Sunday, August 14, 2005

250 MPG Hybrid?

There is an AP article (see FoxNews, for example), that has the sensational headline of, "Experimental Hybrid Cars Get Up to 250 Mpg."

While I've been impressed with the success of hybrid cars so far--especially the amount of energy that can be gathered via regenerative breaking--using miles-per-gallon to rate such a vehicle is highly misleading. This experimental hybrid plugs into the wall and stores extra energy in batteries. Such a concept is not new and really pushes the definition of what a hybrid car is. Would a pure electric car be rated at infinite mgp? You have to look towards the end of the article to find this admission:
Backers of plug-in hybrids acknowledge that the electricity to boost their cars generally comes from fossil fuels that create greenhouse gases, but they say that process still produces far less pollution than oil.

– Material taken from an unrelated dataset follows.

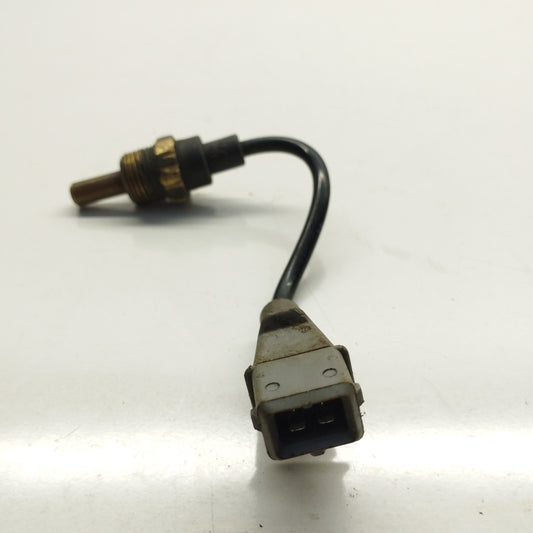 Valvula Temperatura Aceite Hyundai Tucson Sportage 2.0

They also note that electricity could be generated cleanly from solar power.
Also of note is that the inventor, Ron Gremban, is getting about 80 mpg, not 250 mpg:
Even after the car runs out of power from the batteries and switches to the standard hybrid mode, it gets the typical Prius fuel efficiency of around 45 mpg. As long as Gremban doesn't drive too far in a day, he says, he gets 80 mpg.
Overall, the engineering accomplished by Gremban seems impressive. It is unfortunate that the AP feel it necessary to sensationalize the story given the high gas prices.


Krzys said...

One thing that startles me is why there is not mention of nuclear power.

Dan Karipides said...

I wouldn't be too startled. The article mentions that instead of fossil fuels, solar power could be used to create the electricity for plug-in hybrids. For people in favor of hybrids in general, support of solar over nuclear power is not surprising.

Keith Kannenberg said...

But krzys, don't you know that nuclear power is eeeeeviiiiil?